-- YOUR ASSIGNMENT --
Given the material below, output exactly the lines from the line with "Paréo de plage FRINGES Rose fushia - Kiabi" to the line with "Veilige Betaling Fontana", both ends included, and no other lines.

-- RECORD EXTRACTS --
────

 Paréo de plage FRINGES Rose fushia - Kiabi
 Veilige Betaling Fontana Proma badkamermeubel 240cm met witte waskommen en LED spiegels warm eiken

────

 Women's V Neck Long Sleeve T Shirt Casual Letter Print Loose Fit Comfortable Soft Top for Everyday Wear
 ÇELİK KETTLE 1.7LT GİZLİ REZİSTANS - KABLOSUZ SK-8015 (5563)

────

-- ANSWER TO THE PROBLEM --
 Paréo de plage FRINGES Rose fushia - Kiabi
 Veilige Betaling Fontana Proma badkamermeubel 240cm met witte waskommen en LED spiegels warm eiken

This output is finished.